Deepa Nair Updated - September 11, 2011 at 10:29 PM.

IRDA's draft norms require customers to buy annuity from the same insurer

The IRDA is trying to revive the flagging pension market byputting together new regulations for unit-linked pension plansand has invited comments from stakeholders.

The insurance regulator's proposal requiring beneficiaries to compulsorily buy annuity from the same insurer from whom the pension plan was bought may go against policyholders' interest, say insurance industry experts.

The Insurance Regulatory Development Authority (IRDA) had released the draft guidelines on pension products offered by life insurance companies for discussion on August 1.

Earlier, pension plans allowed consumers to commute one-third of the total amount and two-thirds were to be used to buy annuity from any insurer. Under the present IRDA draft proposal on pension products, the investor will have to buy the annuity from the same insurer.

“By forcing customers to buy annuity from the same insurers, it is curtailing the customers' right,” said Mr S. B. Mathur, Seceratary-General, Life Insurance Council.

The regulator has proposed the provision to develop the annuity market and stem the systemic risk, as the state-run life insurance behemoth, Life Insurance Corporation, controls 95 per cent of the annuity business. Other insurance players have preferred to stay out of the annuity market.
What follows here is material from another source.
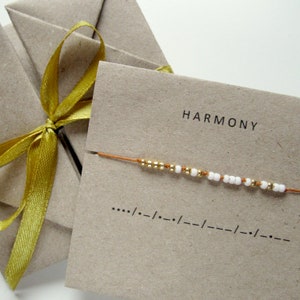 Può includere: Un cartoncino di carta marrone con la parola "HARMONY" stampata in nero. Un sottile filo marrone con perline dorate e bianche è mostrato sulla carta. La carta presenta anche una linea di punti e trattini, che rappresentano il codice Morse.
IRDA's proposed provision will force life insurance companies to offer annuity products. However, experts in the insurance industry feel that Indian insurance companies may not be well equipped to operate in the annuity market.

“Annuity is a risky business where the capital build-up is huge and the private life insurance industry is also young, being just 10 years old,” said Mr V. Srinivasan, CFO, Bharti Axa Life insurance.
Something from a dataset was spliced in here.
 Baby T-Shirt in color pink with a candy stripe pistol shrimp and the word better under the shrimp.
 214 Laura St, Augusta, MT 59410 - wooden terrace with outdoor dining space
Mr Suresh Agarwal, Executive Vice-President, Kotak Life Insurance, said the proposal will broaden the annuity market, but offering an annuity guarantee will be difficult for insurance companies particularly as pension products are long term in nature.

“In our view, while provision of annuity by the same service provider is a good step and it can reduce the extra cost that the customer may incur in buying annuity from a different provider, there is merit in allowing a choice to the customer to buy annuity from any service provider since this will increase options for the customer at the actual stage when the customer wants to buy annuity,” said Mr Mayank Bathwal, CFO- Head Institutional Sales, Birla Sun Life Insurance.

Mr Hemant Baniwal, a certified financial planner and Director at Ark Primary Advisors Pvt Ltd, said that for an individual it would be difficult to ascertain at the accumulation phase, which typically will last at least 10 years, whether the insurer can offer competitive rates at the annuity stage.

Experts from the insurance industry have said that the insurance companies have approached the regulator for making suitable changes in the proposal. “We have sent our views to the regulator. This is one of the issues that we have highlighted,” added Mr Mathur.

Minimum guarantee

The other provision in the guideline includes the elimination of the minimum guarantee of 4.5 per cent in unit-linked pension products. The insurance companies have to offer some guarantee in absolute terms at the maturity of the pension plan.

The IRDA is trying to revive the flagging pension market by putting together new regulations for unit-linked pension plans and has invited comments from stakeholders. The regulator is expected to come out with final guidelines by the end of this month.